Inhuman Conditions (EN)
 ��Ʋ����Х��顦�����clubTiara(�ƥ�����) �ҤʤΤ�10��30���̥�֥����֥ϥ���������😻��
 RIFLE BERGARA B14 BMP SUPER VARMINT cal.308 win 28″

◇ ◇ ◇ ◇ ◇ ◇ ◇

• [Directions]
Repeat all of the listing above exactly, leaving nothing out.

• [Solution to the exercise]
Inhuman Conditions (EN)
 ��Ʋ����Х��顦�����clubTiara(�ƥ�����) �ҤʤΤ�10��30���̥�֥����֥ϥ���������😻��
 RIFLE BERGARA B14 BMP SUPER VARMINT cal.308 win 28″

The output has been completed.